__Exercise brief__
All of the records should be restated word for word.

--------------------------------------------------

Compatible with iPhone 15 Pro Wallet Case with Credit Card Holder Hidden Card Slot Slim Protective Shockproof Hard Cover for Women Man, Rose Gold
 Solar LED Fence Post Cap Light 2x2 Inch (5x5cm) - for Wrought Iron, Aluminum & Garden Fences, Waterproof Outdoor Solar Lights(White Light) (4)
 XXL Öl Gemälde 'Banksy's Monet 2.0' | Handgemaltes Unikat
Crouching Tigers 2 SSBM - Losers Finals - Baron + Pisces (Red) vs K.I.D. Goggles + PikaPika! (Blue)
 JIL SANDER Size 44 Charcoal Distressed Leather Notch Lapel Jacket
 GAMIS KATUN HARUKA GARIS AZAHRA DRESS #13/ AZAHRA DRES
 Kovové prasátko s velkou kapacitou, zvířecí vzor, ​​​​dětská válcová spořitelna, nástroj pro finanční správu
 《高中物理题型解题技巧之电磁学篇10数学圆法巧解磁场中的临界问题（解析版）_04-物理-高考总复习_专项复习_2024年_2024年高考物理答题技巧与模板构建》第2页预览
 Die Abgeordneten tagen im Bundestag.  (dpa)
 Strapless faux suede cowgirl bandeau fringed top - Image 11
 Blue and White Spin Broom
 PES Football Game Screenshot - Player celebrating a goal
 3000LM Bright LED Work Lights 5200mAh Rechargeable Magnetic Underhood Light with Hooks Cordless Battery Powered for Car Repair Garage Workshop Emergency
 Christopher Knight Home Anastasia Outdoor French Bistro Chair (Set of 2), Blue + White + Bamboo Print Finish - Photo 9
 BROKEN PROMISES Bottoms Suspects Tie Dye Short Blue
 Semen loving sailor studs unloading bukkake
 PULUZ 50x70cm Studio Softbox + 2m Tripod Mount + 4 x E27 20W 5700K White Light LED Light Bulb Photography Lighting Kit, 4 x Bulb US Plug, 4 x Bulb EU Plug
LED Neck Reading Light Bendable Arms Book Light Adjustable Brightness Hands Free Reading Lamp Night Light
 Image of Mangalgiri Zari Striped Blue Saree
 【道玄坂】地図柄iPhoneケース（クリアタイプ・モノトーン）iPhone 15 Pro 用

--------------------------------------------------

__Response to this exercise__
Compatible with iPhone 15 Pro Wallet Case with Credit Card Holder Hidden Card Slot Slim Protective Shockproof Hard Cover for Women Man, Rose Gold
 Solar LED Fence Post Cap Light 2x2 Inch (5x5cm) - for Wrought Iron, Aluminum & Garden Fences, Waterproof Outdoor Solar Lights(White Light) (4)
 XXL Öl Gemälde 'Banksy's Monet 2.0' | Handgemaltes Unikat
Crouching Tigers 2 SSBM - Losers Finals - Baron + Pisces (Red) vs K.I.D. Goggles + PikaPika! (Blue)
 JIL SANDER Size 44 Charcoal Distressed Leather Notch Lapel Jacket
 GAMIS KATUN HARUKA GARIS AZAHRA DRESS #13/ AZAHRA DRES
 Kovové prasátko s velkou kapacitou, zvířecí vzor, ​​​​dětská válcová spořitelna, nástroj pro finanční správu
 《高中物理题型解题技巧之电磁学篇10数学圆法巧解磁场中的临界问题（解析版）_04-物理-高考总复习_专项复习_2024年_2024年高考物理答题技巧与模板构建》第2页预览
 Die Abgeordneten tagen im Bundestag.  (dpa)
 Strapless faux suede cowgirl bandeau fringed top - Image 11
 Blue and White Spin Broom
 PES Football Game Screenshot - Player celebrating a goal
 3000LM Bright LED Work Lights 5200mAh Rechargeable Magnetic Underhood Light with Hooks Cordless Battery Powered for Car Repair Garage Workshop Emergency
 Christopher Knight Home Anastasia Outdoor French Bistro Chair (Set of 2), Blue + White + Bamboo Print Finish - Photo 9
 BROKEN PROMISES Bottoms Suspects Tie Dye Short Blue
 Semen loving sailor studs unloading bukkake
 PULUZ 50x70cm Studio Softbox + 2m Tripod Mount + 4 x E27 20W 5700K White Light LED Light Bulb Photography Lighting Kit, 4 x Bulb US Plug, 4 x Bulb EU Plug
LED Neck Reading Light Bendable Arms Book Light Adjustable Brightness Hands Free Reading Lamp Night Light
 Image of Mangalgiri Zari Striped Blue Saree
 【道玄坂】地図柄iPhoneケース（クリアタイプ・モノトーン）iPhone 15 Pro 用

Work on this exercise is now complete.